The first of this week’s top-tier US macro releases painted an upbeat picture of an economy that, whatever else you want to say about it, isn’t in recession.
The marquee gauge of US factory activity printed ahead of estimates for May, and at 54, now sits at its best levels in four years.
As the figure below reminds you, the long-running US manufacturing recession ended in 2026, at least anecdotally.
May marked the fifth consecutive month during which the ISM headline printed above the 50 demarcation line separating expansion from contraction.
The key production and new orders subindexes were strong. The former came in at 54.3, the latter a robust 56.8. Even the perpetually moribund employment gauge managed to rise handily, albeit while remaining underwater, at 48.6.
“Only 2% of the [manufacturing] sector’s GDP contracted in May,” survey chair Susan Spence said, adding that “all of the six largest manufacturing industries expanded” last month.
As the figure above, from BofA, reminds you, semis “predicted” the ongoing factory recovery. Indeed, to let the SOX tell it, we’re on the verge of a veritable manufacturing renaissance.

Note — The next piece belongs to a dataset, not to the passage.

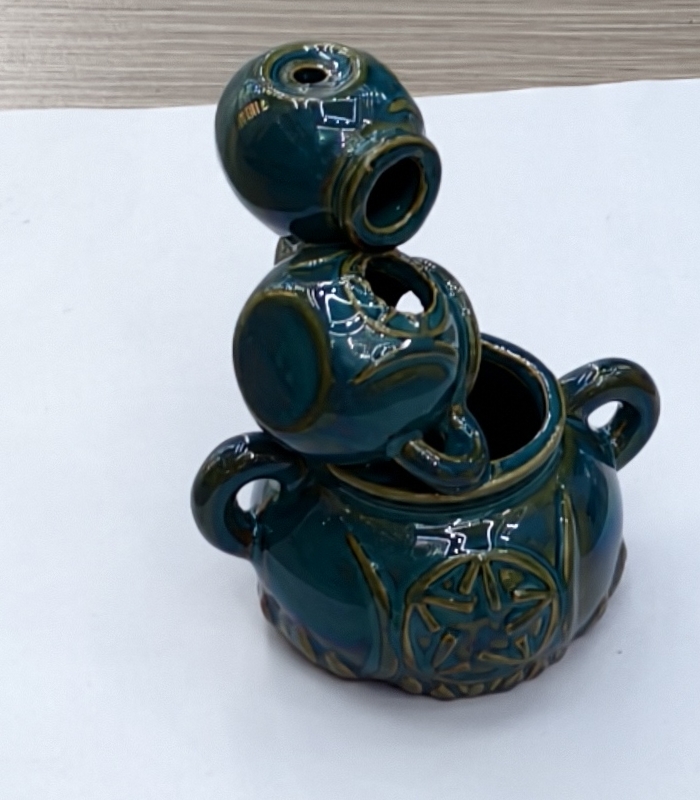 一件蓝绿色圆形10公分三层酒壶陶瓷工艺品礼品家居用品倒流香香炉，工艺品香炉树脂插电回流熏香香薰炉礼品家居装饰详情图9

Naturally, ISM panelists talked a lot about the war. The anecdotes were littered with references to the Iran conflict.
A remark from someone in the Machinery sector was emblematic. “The Mideast conflict is triggering shipment delays and uncertainties,” the person said. “Elevated gas prices and inflation will surely impact our purchases [but] over the last quarter, we’ve seen increased demand that was unexpected.”
Not surprisingly, the prices index remained very elevated, but at 82.1, it at least receded from April’s multi-year high.
The figure above shows you the marginal abatement in the pervasiveness of rising input costs along with the modest improvement in the above-mentioned employment gauge.
All in all, this release was as good as anyone could’ve expected under the circumstances.
Prices and other war-related uncertainty are a blight, and factory payrolls are anything but stable. And yet, it’d be disingenuous not to acknowledge that the situation on the manufacturing side of the US economy has improved meaningfully in 2026.